Instructions for the task:
When you reach the line that contains "Surgical Techniques: Topographic", set down that line and every one after it through the end of the records, exactly as written and with no pictures.
Segment Start: Records for this exercise
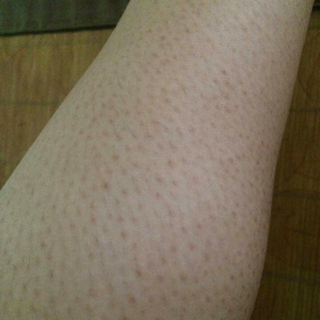 Mọi người ơi ai bị tình trạng như hình nhiều năm k khỏi thì ib e nhé e bán thuốc chữa được bệnh này bản thân e đã từng bị 2 cánh tay và 2 bên đùi jo e đã khỏi rồi ạ mấy năm rồi không tái lại khỏi hẳn luôn đấy nên ai muốn hết mấy cái mụn đáng gét này thì ib e tư vấn nhé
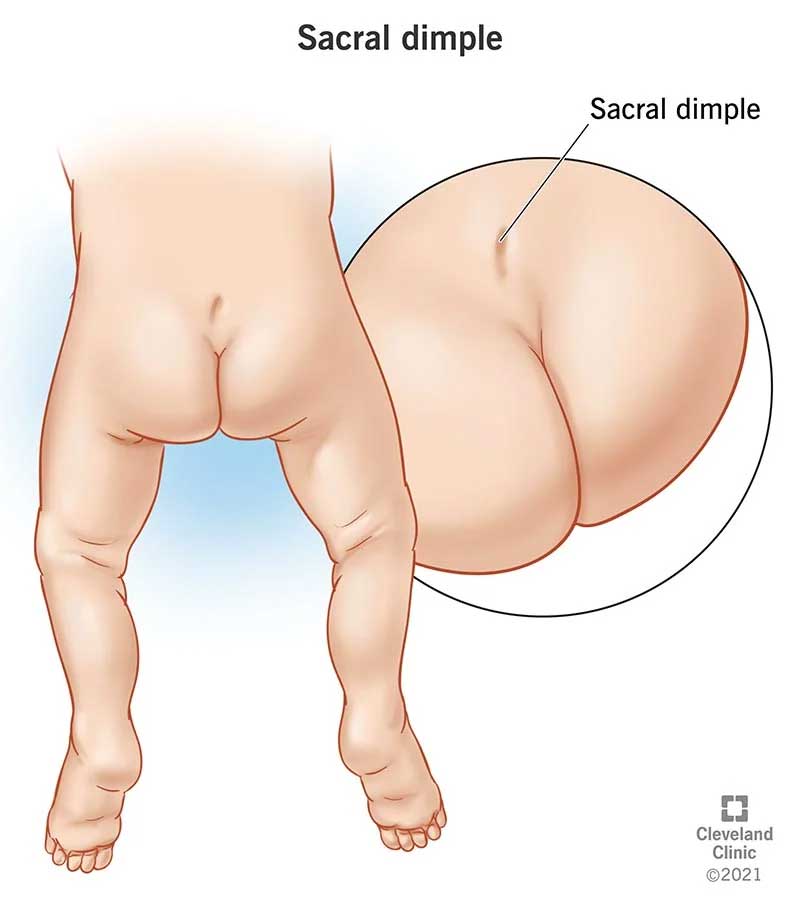 sacral-dimple-lower-back-dimples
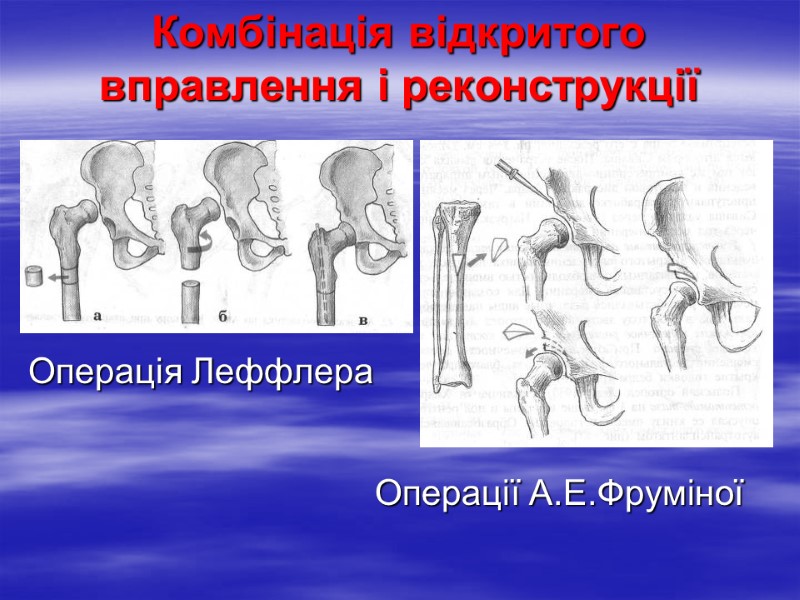 Комбінація відкритого вправлення і реконструкції Операція Леффлера Операції А.Е.Фруміної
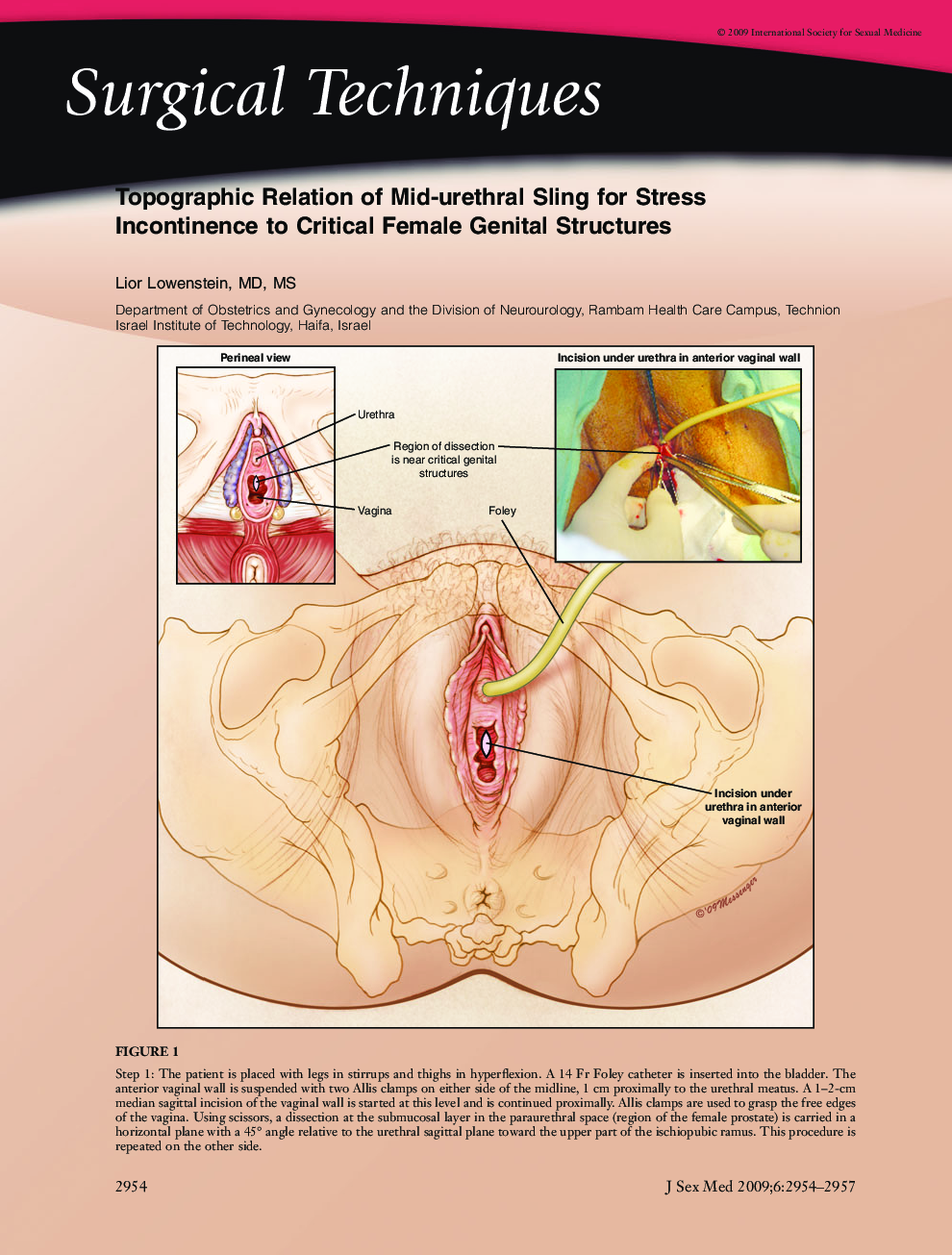 Surgical Techniques: Topographic Relation of Midâurethral Sling for Stress Incontinence to Critical Female Genital Structures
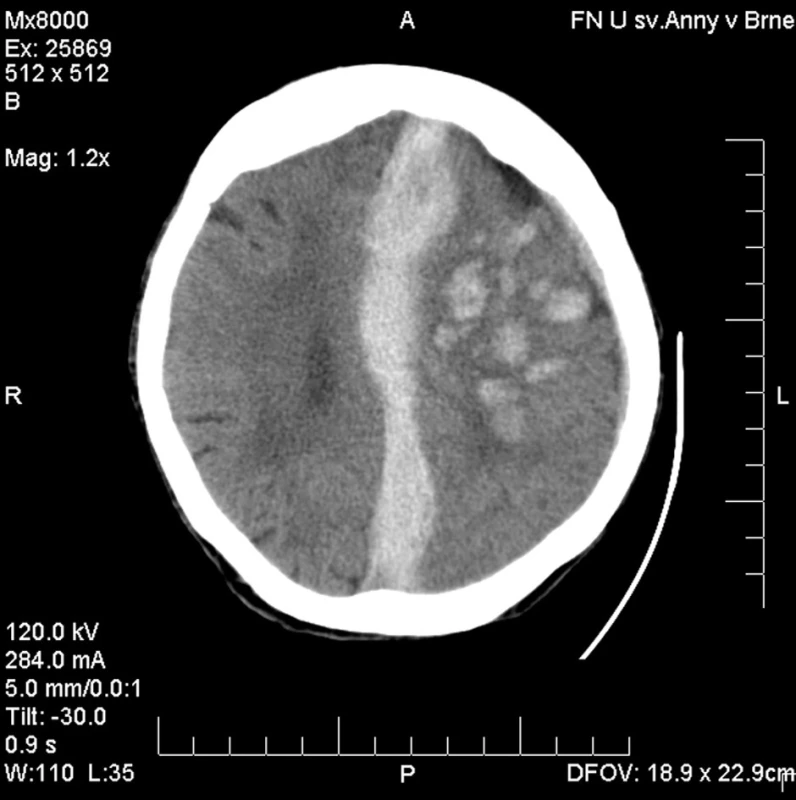 Rozvoj žilní trombózy po evakuaci interhemisferického subdurálního hematomu s fudroyantním průběhem
Fig. 4. Development of cerebral venous thrombosis after interhemispheric subdural haematoma evacuation with fudroyant clinical course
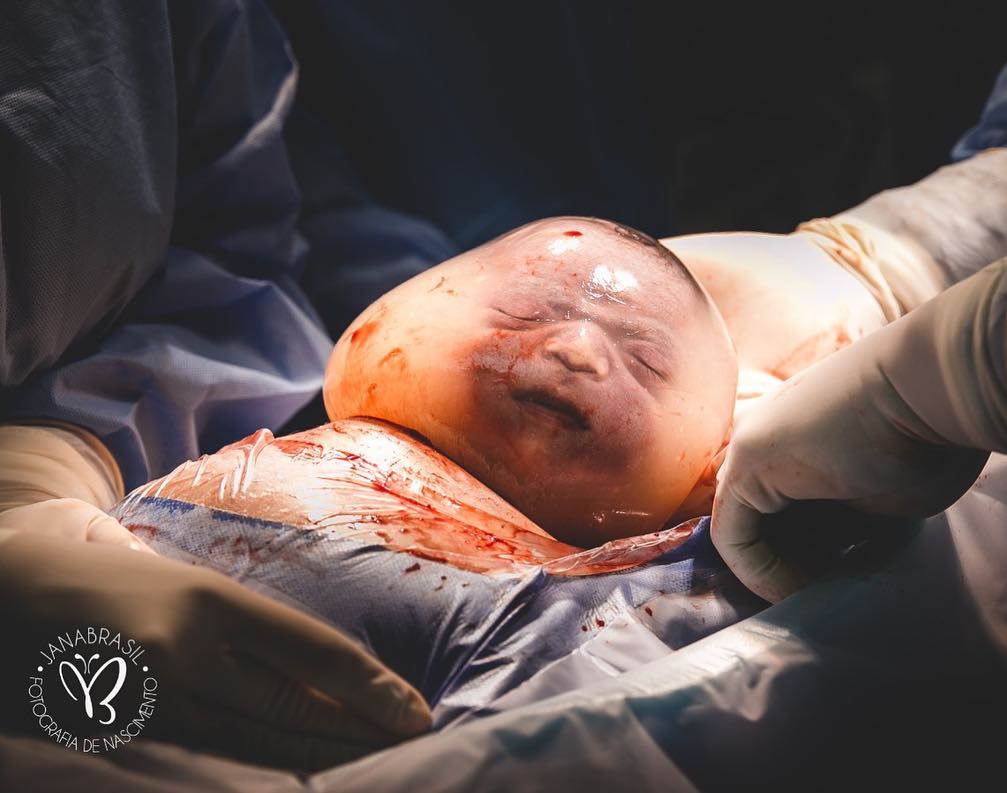 【十萬分之一】鬼馬男嬰連羊膜囊出世 被拍下珍貴照片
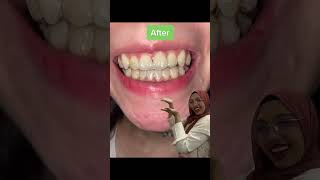 Unleash Your Confident Smile with Dr Clear Aligners!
Segment End: Records for this exercise
Exercise result:
 Surgical Techniques: Topographic Relation of Midâurethral Sling for Stress Incontinence to Critical Female Genital Structures
 Rozvoj žilní trombózy po evakuaci interhemisferického subdurálního hematomu s fudroyantním průběhem
Fig. 4. Development of cerebral venous thrombosis after interhemispheric subdural haematoma evacuation with fudroyant clinical course
 【十萬分之一】鬼馬男嬰連羊膜囊出世 被拍下珍貴照片
 Unleash Your Confident Smile with Dr Clear Aligners!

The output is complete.